For mounting in non-rotating fashion, the end of the wire facing away from the output section and leading out of the internal hole can be bent over at an angle, preferably at right angles, and connected to the housing via a provided wire retainer adapted to the wire cross-section. The wire retainer can be designed as a hole, into which at least part of the bent-over end of the wire can be inserted.

In a preferred embodiment, the input section of the rotary body can be mounted in a fixed bearing in axially immovable fashion. As a result, the area in which the torques are transmitted via a relatively short section can be mounted particularly stably, this having a favorable influence on the quiet running of the linear drive unit. The result of this is that the other bearing arrangement, which is provided by or in the outlet opening, is designed as a movable bearing. To pass the rotation-preventing component through the fixed bearing, the rotary body can display a journal that passes coaxially through the fixed bearing, is adapted to the inside diameter of the fixed bearing, and has a central, internal hole. In this context, the section of the journal passing through the fixed bearing can be connected to the side of the fixed bearing facing away from the output section via a riveted joint. On the side of the fixed bearing facing towards the output section, the rotary body can run up against a stop surface provided. Instead of a journal, it is also possible to provide a coaxially arranged banjo bolt, which connects the rotary body to the fixed bearing in immovable fashion, and the internal hole of which serves to pass through the rotation-preventing component. A journal through which a banjo bolt passes can also be provided.

The rotary body can generally be designed as a rotationally symmetrical hollow body with an internal thread for engaging the external thread of the spindle.

An embodiment in which the rotary body is designed as a one-piece tubular nut is preferred. The internal thread in the output section of the tubular nut can preferably extend up to the input section. This results in particularly good spindle guidance over the output section.

If provision is made for the rotary body to extend from the housing through the outlet opening, the tubular nut can display a tubular nut head that is located outside the housing and a short distance from the face of the outlet opening. This makes it possible to achieve further stabilization of the rotatable mounting of the rotary body in the housing.

In another preferred embodiment, the rotary body can be designed as a tube section. The tube section itself can be manufactured from an aluminum tube that can be cut off to a required tube section length for installation.

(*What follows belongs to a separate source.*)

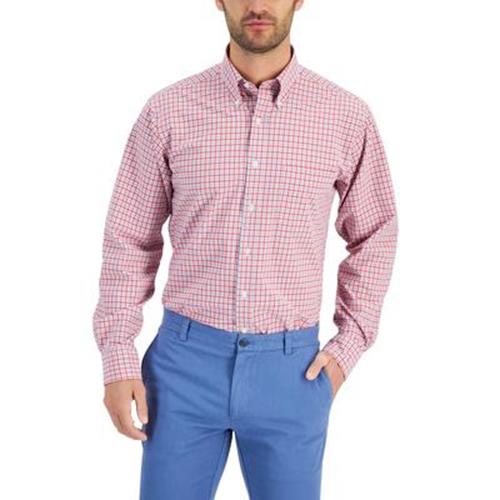 Club Room Men's Classic Fit Non- Iron Button Down Red Dress Shirt 15.5 32 33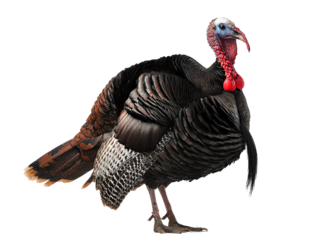 Male turkey isolated on a white background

One or both ends of the tube section can display a threaded bush fitted on the face end. For non-rotating and non-sliding fastening of the threaded bush on the tube section, the threaded bush can be screwed onto the end of the tube section. To this end, the threaded bush can display an externally threaded section that can be screwed into an internally threaded section of the tube section that is provided at the free end of the tube section.

For fixing on the tube section, the threaded bush can display a bush head with an outside diameter that is greater than, or equal to, the outside diameter of the tube section, where the bush head can be axially guided into a stop position against the face end of the tube section by screwing the threaded bush onto the tube section. To avoid releasing of the threaded bush from the tube section as a result of its screwed connection to the tube section loosening, provision can be made for at least one axial pin or the like to be provided, being located in a face-end, axial hole designed as a locking hole, where the locking hole extends in aligned fashion from the bush head into the shell of the tube section when in locking position. This makes it possible to prevent turning of the threaded bush out of its stop position, and the resultant loosening of the screwed connection. At the same time, this prevents axial displacement, since rotation of the threaded bush results in axial displacement in the event of a screwed connection. If provision is made for several axial locking holes with inserted axial pins, they should expediently be located on a circumferential radius roughly equal to the mean circumferential radius of the tube section.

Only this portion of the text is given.